27 January 2014

Australian Government Looking Into the ‘Patent Box’

Check boxAustralia’s assistant treasurer, Arthur Sinodinos, has confirmed that the government will be looking into the possibility of introducing so-called ‘patent box’ tax breaks.

I have written about patent box schemes before (incidentally, the name comes from the box provided on tax forms for companies to claim the benefit).  Such programs, which provide reduced tax rates (typically between 5% and 15%) on income attributable to patented IP, have been introduced in a number of countries, including the UK, the Netherlands, Belgium, France, Ireland, Spain, Luxembourg, Switzerland and China.

In the United States the Manufacturing Innovation in America Act of 2013 (HR 2605), which would provide for a patent box tax reduction, was introduced in the House of Representatives on 28 June 2013, and is currently before a congressional committee.  (I note, however, that GovTrack.us gives the legislation only a 1% chance of getting past committee, and a 0% chance of being enacted!)

Potential patent box rules will be proposed by AusBiotech and the Export Council of Australia, and will considered as part of a planned government review of research and development later this year.

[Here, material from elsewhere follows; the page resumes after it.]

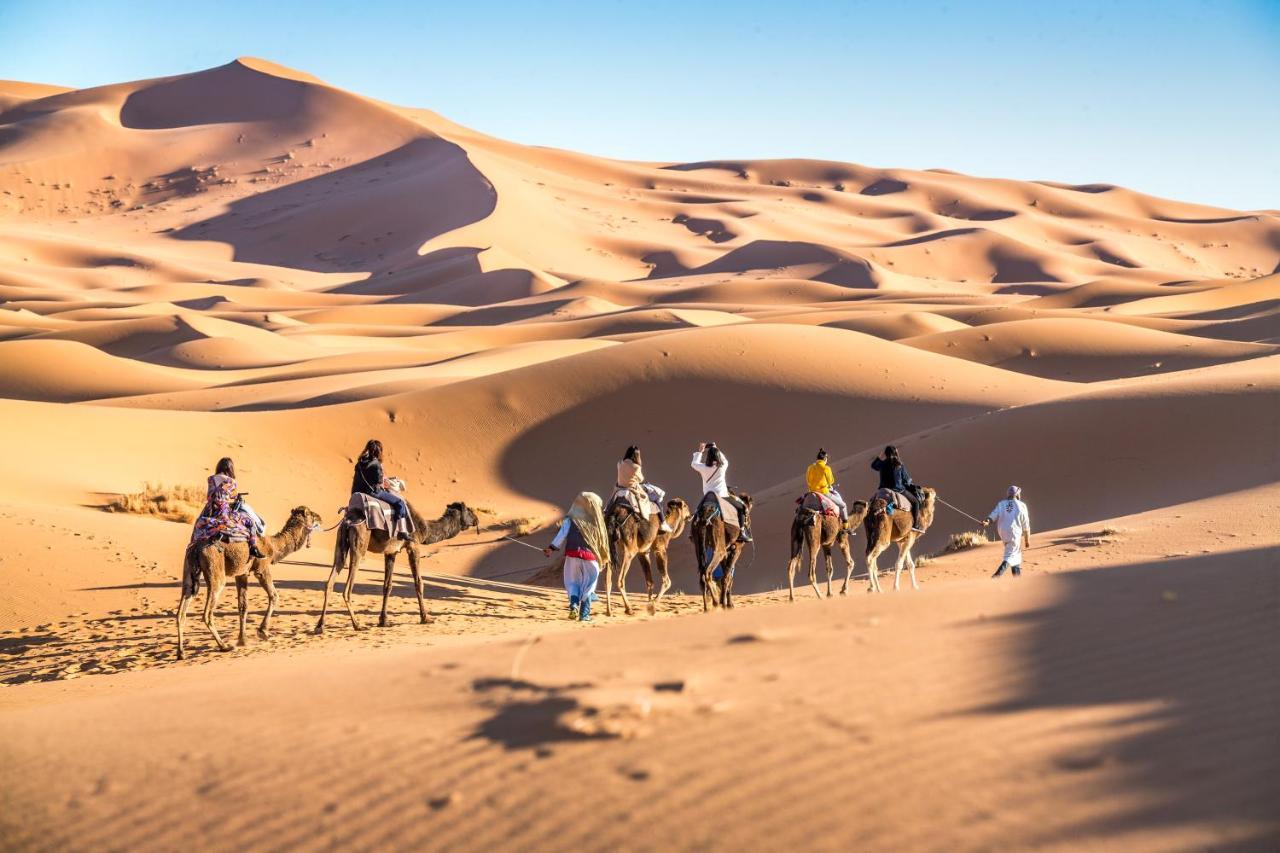 Riad Madu Merzouga Bagian luar foto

I am pleased to see that a review that includes consideration of a patent box scheme will be going ahead, and I am hopeful that it will report favourably on the proposal.  I am in favour of a patent box tax reduction in Australia for two reasons:
  1. I believe that it provides the right incentive for commercial innovation, by rewarding not only investment in R&D (as existing grant and tax relief programs do), but more specifically R&D which results in protectable intellectual property which is then actually protected and successfully commercialised; and
  2. with a number of other developed economies providing patent box tax incentives, Australia places itself at a competitive disadvantage as a location for conducting research, development and manufacturing if it does not do likewise.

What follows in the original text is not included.